This will predictably cause the Intel brigade to cheer up, but it will be
temporary. In the time since Calxeda started ARM has just consolidated and
grown, especially into home routers where MIPS is looking increasingly like
it's gone for good. Ultimately when ARM do finally crack the data centre the
impact is going to be profit margins for almost all chip players going down
very fast. Going into this market without a USP that isn't simply cheap
general purpose SoC is destined to end in trouble. If you look at the players
that survived on mobile they aren't just integration outfits for
ARM/Imagination, but actually add value through other custom pieces too,
either GPUs (say nVidia) or re-implementing the core themselves, like
Qualcomm.

This is at the point where I really hope Imagination do something good with
MIPS and it isn't consigned to history as ARM being too dominant could prove
to be a real mess.

------
mmc
The allthingsd article submitted here:
[https://news.ycombinator.com/item?id=6938138](https://news.ycombinator.com/item?id=6938138)
has more info, including verification from company execs.

------
salient
They were way too early to the market.
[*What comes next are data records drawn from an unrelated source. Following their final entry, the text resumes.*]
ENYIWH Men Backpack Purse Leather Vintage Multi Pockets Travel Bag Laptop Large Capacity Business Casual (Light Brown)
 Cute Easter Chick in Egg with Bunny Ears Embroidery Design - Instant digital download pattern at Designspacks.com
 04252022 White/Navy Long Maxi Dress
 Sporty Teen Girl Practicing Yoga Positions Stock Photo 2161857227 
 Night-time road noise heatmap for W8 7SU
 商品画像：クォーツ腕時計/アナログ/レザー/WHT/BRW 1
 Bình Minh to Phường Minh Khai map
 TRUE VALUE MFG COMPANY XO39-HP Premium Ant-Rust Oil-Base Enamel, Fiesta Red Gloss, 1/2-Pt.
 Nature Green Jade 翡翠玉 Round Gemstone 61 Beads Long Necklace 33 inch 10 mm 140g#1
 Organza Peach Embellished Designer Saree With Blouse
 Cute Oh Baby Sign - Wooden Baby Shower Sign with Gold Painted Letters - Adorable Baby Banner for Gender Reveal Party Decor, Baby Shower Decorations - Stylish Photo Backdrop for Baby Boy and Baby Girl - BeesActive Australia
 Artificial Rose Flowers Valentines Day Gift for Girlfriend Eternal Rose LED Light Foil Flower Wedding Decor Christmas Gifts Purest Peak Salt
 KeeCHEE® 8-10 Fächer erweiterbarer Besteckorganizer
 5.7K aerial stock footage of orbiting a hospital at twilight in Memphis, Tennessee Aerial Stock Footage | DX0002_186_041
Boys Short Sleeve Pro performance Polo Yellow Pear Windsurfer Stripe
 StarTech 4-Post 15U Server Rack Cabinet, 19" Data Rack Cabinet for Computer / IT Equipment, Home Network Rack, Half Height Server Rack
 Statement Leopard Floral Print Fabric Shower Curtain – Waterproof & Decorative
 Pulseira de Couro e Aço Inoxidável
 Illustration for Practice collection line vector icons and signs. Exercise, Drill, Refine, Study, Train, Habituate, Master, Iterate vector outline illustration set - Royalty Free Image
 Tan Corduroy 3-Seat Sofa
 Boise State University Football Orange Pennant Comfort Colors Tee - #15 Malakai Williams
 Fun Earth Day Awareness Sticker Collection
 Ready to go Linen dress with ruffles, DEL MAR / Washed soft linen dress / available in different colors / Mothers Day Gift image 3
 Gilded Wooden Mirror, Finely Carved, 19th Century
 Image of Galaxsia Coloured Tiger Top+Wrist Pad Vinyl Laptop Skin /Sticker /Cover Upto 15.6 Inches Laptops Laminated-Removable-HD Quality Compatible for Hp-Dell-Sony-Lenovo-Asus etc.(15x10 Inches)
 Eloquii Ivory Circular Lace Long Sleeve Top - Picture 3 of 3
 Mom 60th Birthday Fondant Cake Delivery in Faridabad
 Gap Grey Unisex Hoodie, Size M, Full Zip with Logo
Maybe it would've been ok to be there
since Cortex A15, but being there at the Cortex A9 generation always seemed
premature - at least for big customers like HP, Facebook, and so on. Maybe
they should've tried selling them to the same people who like the idea of a
much weaker Raspberry Pi server. Instead they tried to sell only to a few big
guys, and none of them were really that interested.

I'm not too worried about them, though. They'll probably get acquired by
someone like Samsung, or Qualcomm, or Nvidia.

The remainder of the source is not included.